Et Marguerite Yourcenar, dans un entretien : « Ainsi que je l'ai fait dire à Hadrien, l'homme n'est pas continuellement le personnage de son sexe. Un homme qui calcule ou qui écrit sort de son sexe, il sort même de lui-même. C'est très rare chez une femme. »
De fait, des hommes durent sortir de leur moi pour donner vie, consistance et crédibilité à une Antigone, une Agrippine, une Mme de Morsauf, une Sanseverina, une Anna Karénine, une Ysé, et à mille autres héroïnes qui peuplent l'imaginaire universel. Et qui, de bonne foi, mettrait en doute, en chacune, la cohérence de leur être, la véracité de leurs propos, de leurs démarches ? N'est-il pas singulier que nul personnage masculin, né d'une plume de femme, n'ait plus de présence, d'aura, que le Landry de la petite Fadette, ou que le Chéri du roman de Colette ? C'est parce que Marguerite Yourcenar pratiquait à un haut degré l'art d'écrire, qu'elle nous laisse, imposantes, les figures d'Hadrien et de Zénon.

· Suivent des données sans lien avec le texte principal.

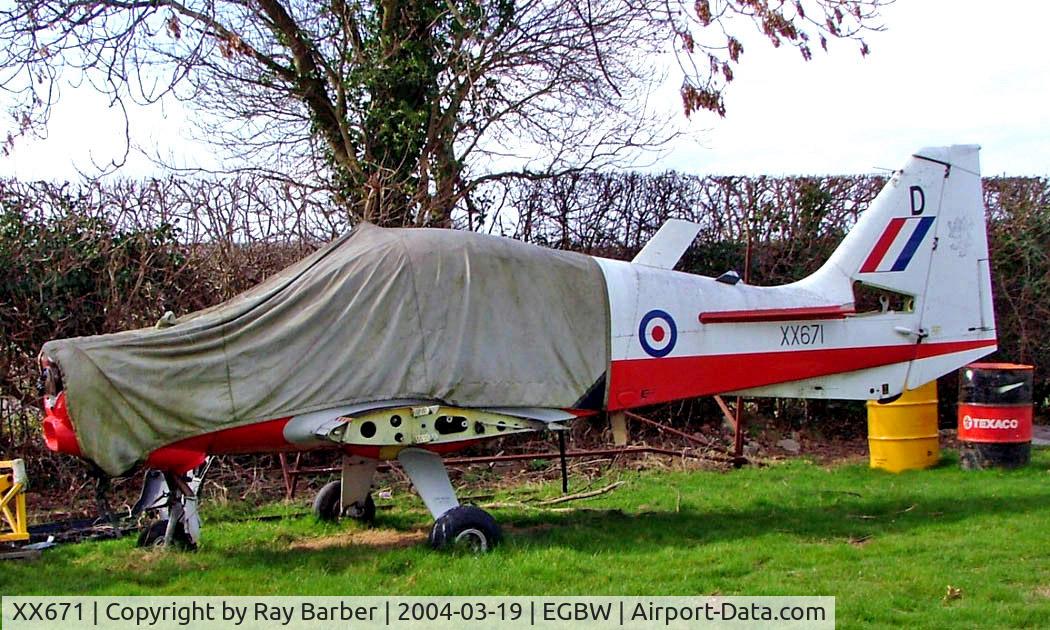 XX671, 1975 Scottish Aviation Bulldog T.1 C/N BH.120/329, XX671   Scottish Aviation Bulldog T.1 [BH120-329] (Ex Royal Air Force) Wellesbourne Mountford~G 19/03/2004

On dirait que parmi les femmes cultivées, familières des meilleurs auteurs, une irréductible disgrâce frappe la plupart de celles qui se mêlent d'écrire : elles ne sauraient se quitter des yeux !
Du moins savons nous mieux, grâce à elles, que des femmes peuvent nous égaler, nous surpasser en vulgarité et en cynisme ; et que l'amour, longtemps la grande affaire de leurs devancières, jusqu'à en faire un absolu, n'est bel et bien, ô Chamfort, que « le contact de deux épidermes ». Pas même celui, selon Joubert, « d'une âme et d'un épiderme ».
Soyons-leur plutôt reconnaissants de se montrer à nous au naturel, la leçon ne sera pas perdue, encore que, par chance, il n'est pas que des femmes à leur ressemblance : jetables.
Ah, que les championnes de l'école nombriliste se hâtent de jouir de leur renommée : leur néant monté en mousse aura tôt le sort des bulles de savon tout irisées !
Mais ne t'afflige pas mon esprit ; rassérène-toi, mon cœur : puisque – tu l'as lu dans « Sorcières » – tant et tant veulent dire leur jouissance, il se trouvera bien, à présent qu'elles disposent d'une chambre à soi, des femmes plénières et intrépides, résolues à accepter les rigueurs de la création, l'ascèse qu'elle exige – et que de refus à transmuer en opulence ! – pour ne plus se payer de mots et, selon le vœu d'André Breton, « faire prédominer au maximum tout ce qui ressort au système féminin du monde par rapport au système masculin. »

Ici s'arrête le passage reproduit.